PKSPL IPB Kolaborasi dalam Webinar Nasional: Strategi Penangkapan Ikan Berkelanjutan untuk Kemakmuran Nelayan

tani_dan_nelayan_1

PKSPL IPB Kolaborasi dalam Webinar Nasional: Strategi Penangkapan Ikan Berkelanjutan untuk Kemakmuran Nelayan

Bogor – Lahirnya kebijakan Penangkapan Ikan Terukur (PIT) diharapkan dapat menjadi kontrol dari praktik penangkapan ikan yang tidak terkendali dan terancam overfishing. Namun begitu, implementasi kebijakan ini ditunda akibat munculnya beberapa kontroversi, seperti kesiapan infrastruktur pelabuhan, belum tersedianya sumber daya manusia yang memadai untuk melakukan pemantauan, dan masih dibutuhkannya verifikasi yang mendalam di lapangan, serta anggapan bahwa kebijakan Penangkapan Ikan Terukur dirasa sulit untuk diterapkan pada nelayan kecil karena sulit bersaing dengan industri perikanan skala besar.
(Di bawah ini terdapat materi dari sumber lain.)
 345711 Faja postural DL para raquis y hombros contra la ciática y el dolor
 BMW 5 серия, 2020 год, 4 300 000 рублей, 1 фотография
Hal tersebut memantik Nelayan dan Tani Center-IPB University untuk menyelenggarakan #TNCTalks episode kedua, sebagai fasilitator dalam menyikapi dari sudut pandang kolaboratif dengan melibatkan akademisi, pemangku kepentingan, pembuat kebijakan, dan nelayan dalam memahami kebijakan perikanan serta kejelasan sasaran implementasi kebijakan Penangkapan Ikan Terukur. Webinar Series dengan tajuk “Penangkapan Ikan Terukur: Menyelami Opini untuk Kesejahteraan Nelayan” dilakukan secara daring dengan menghadirkan Narasumber dan Penanggap yang ahli dibidangnya (02/04).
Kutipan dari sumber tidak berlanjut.